Is this page helpful?

Selecting the Right NVIDIA GPU for Virtualization#

The GPU that best meets the needs of your workloads depends on how you prioritize factors such as raw performance, time-to-solution, performance per dollar, performance per watt, form factor, and any power or cooling constraints.

NVIDIA GPUs for Virtualization#

Table 3 summarizes the features of the NVIDIA GPUs for virtualization workloads based on the NVIDIA Blackwell, Ada Lovelace and Ampere GPU architectures.

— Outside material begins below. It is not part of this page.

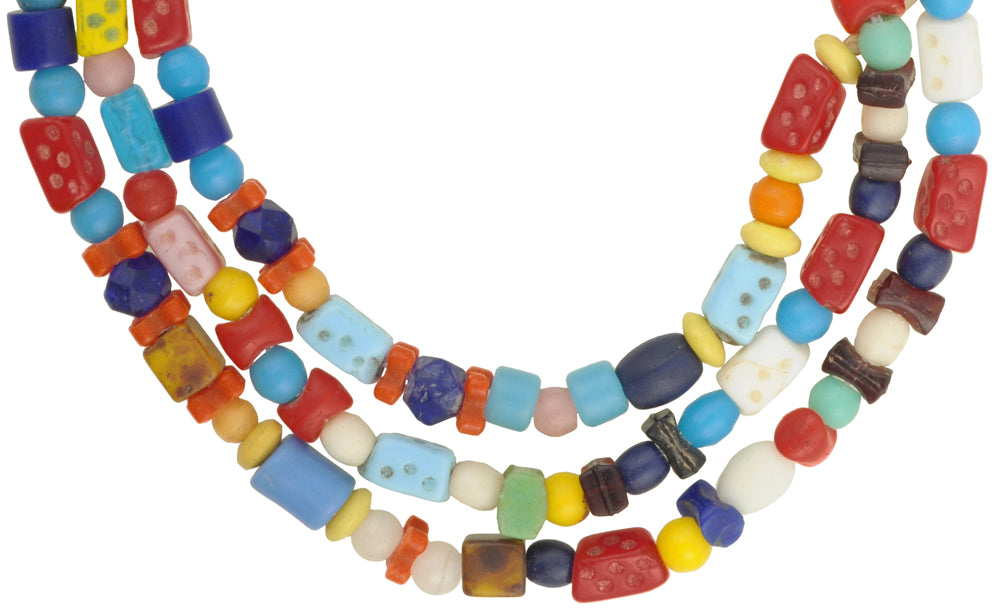 Old Bohemian Czech Glass Trade Beads Mix - African Trade Beads - close-up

GPUs for graphics workloads based on the NVIDIA Blackwell, Ada Lovelace, and Ampere GPU architectures feature second, third and fourth-generation RT Cores. RT Cores are accelerator units that are dedicated to performing ray tracing operations with extraordinary efficiency.

The GPUs in Table 3 are tested and supported with NVIDIA software for virtualizing GPUs, specifically with NVIDIA virtual GPU software. For the full product support matrices for the NVIDIA software for virtualizing GPUs, refer to Virtual GPU Software Supported Products.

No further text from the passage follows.